| Exercise description |
For the records below, copy exactly the span that begins at the line containing "Petite Pavé® Natural" and stops after the line containing "Boo Jee Ghost", minus any pictures.

| Material for this task |
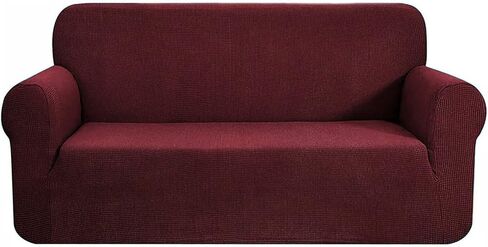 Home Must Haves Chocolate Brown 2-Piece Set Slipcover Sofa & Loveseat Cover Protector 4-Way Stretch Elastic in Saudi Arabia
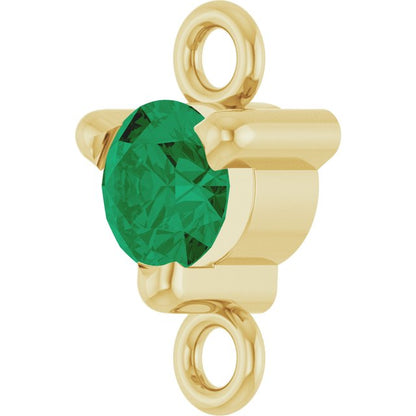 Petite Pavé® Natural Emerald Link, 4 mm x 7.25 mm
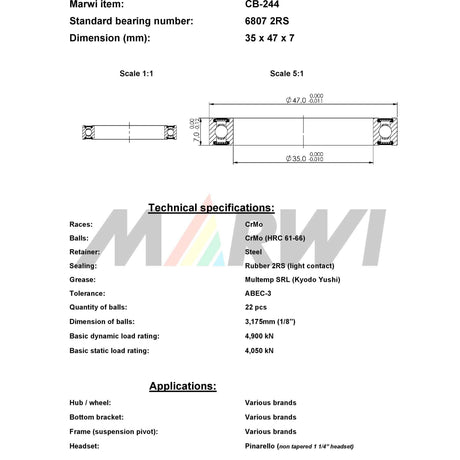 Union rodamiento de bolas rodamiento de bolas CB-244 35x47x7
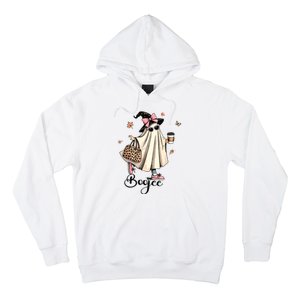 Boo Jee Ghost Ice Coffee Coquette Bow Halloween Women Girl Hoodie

* * *

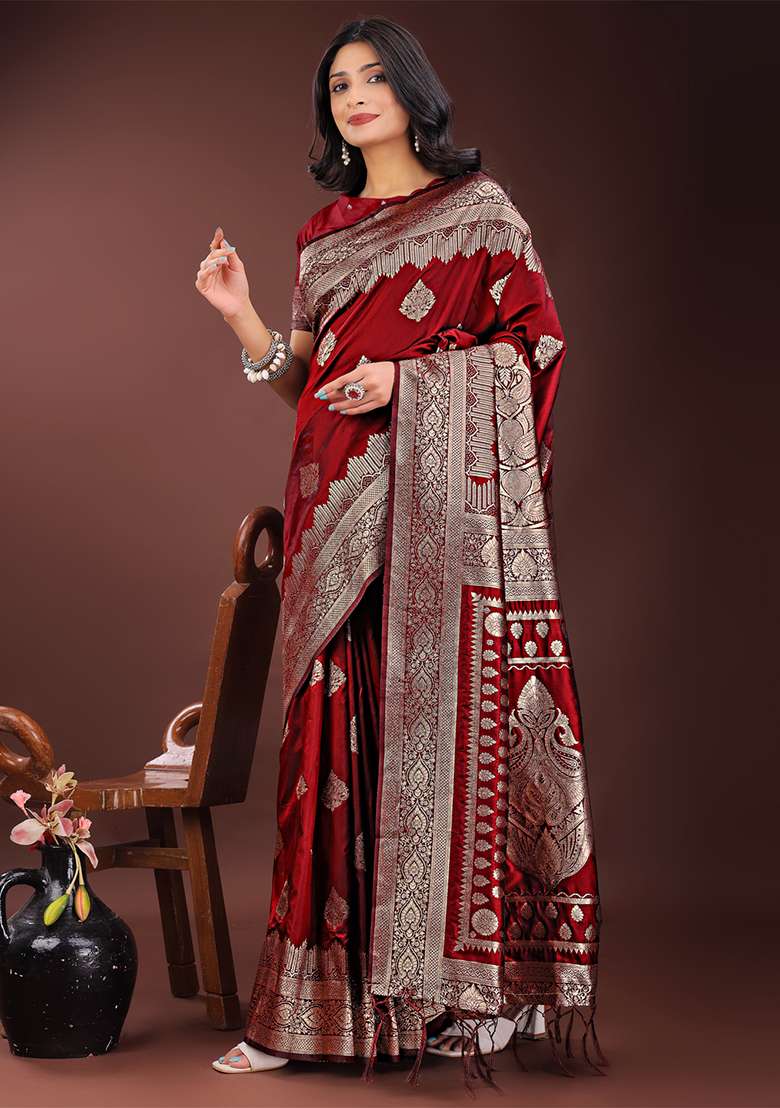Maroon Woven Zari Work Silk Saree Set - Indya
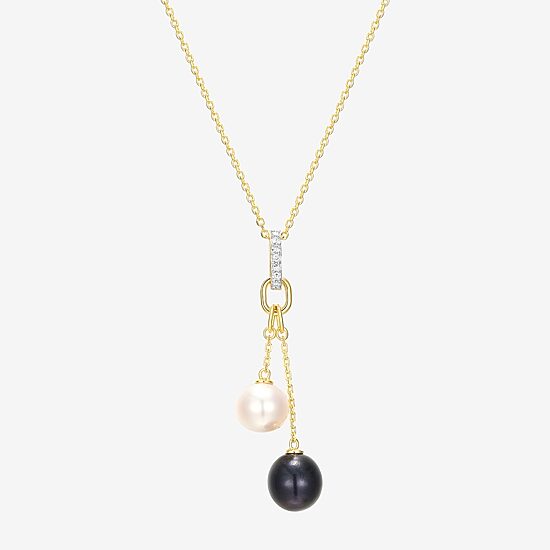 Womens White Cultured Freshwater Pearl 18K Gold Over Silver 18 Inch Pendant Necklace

| The answer |
 Petite Pavé® Natural Emerald Link, 4 mm x 7.25 mm
 Union rodamiento de bolas rodamiento de bolas CB-244 35x47x7
 Boo Jee Ghost Ice Coffee Coquette Bow Halloween Women Girl Hoodie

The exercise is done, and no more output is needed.